Starting with the line that has "3in1 High Performance" in the records below and ending with the line that has "Wózek dla dziecka Kinder Kraft 3w1", output those lines exactly and nothing more; omit the pictures.
BEGIN Supplied information
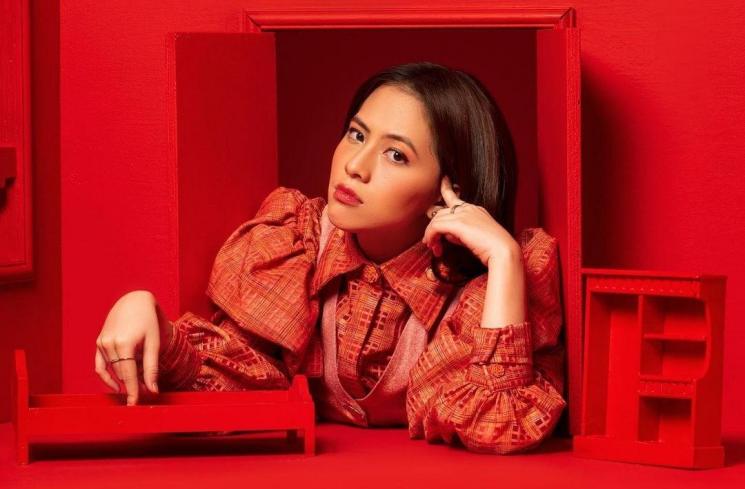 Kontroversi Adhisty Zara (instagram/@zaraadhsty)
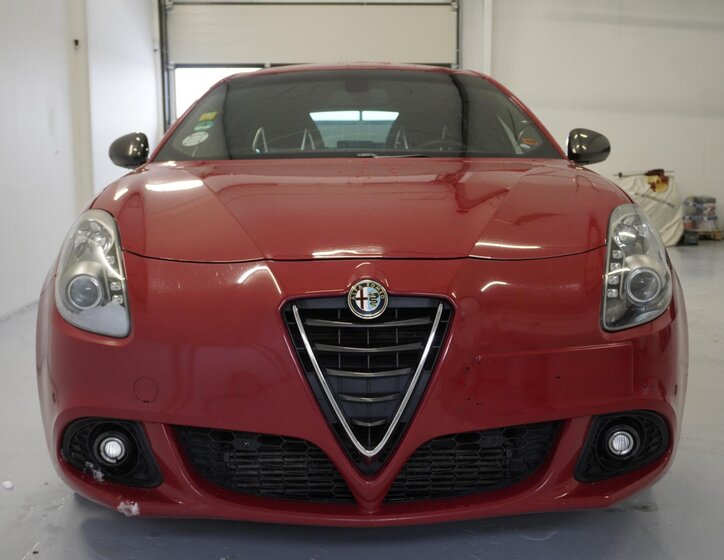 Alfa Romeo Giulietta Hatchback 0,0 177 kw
END Supplied information
BEGIN Supplied information
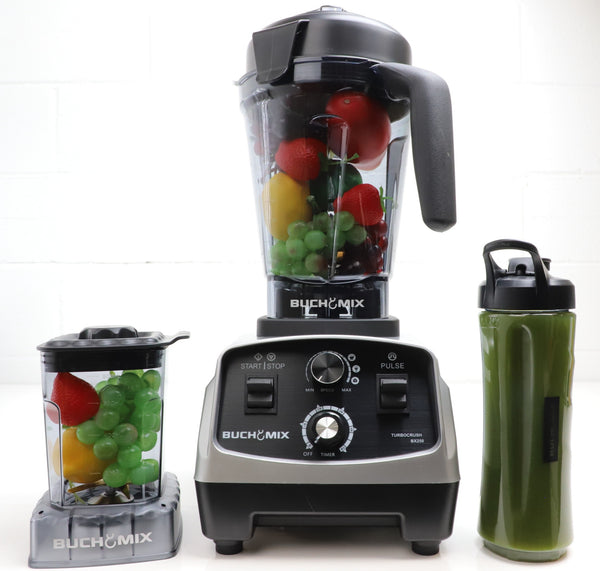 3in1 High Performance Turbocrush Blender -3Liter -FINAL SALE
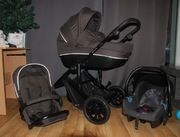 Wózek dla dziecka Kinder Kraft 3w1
END Supplied information
* Task answer *
 3in1 High Performance Turbocrush Blender -3Liter -FINAL SALE
 Wózek dla dziecka Kinder Kraft 3w1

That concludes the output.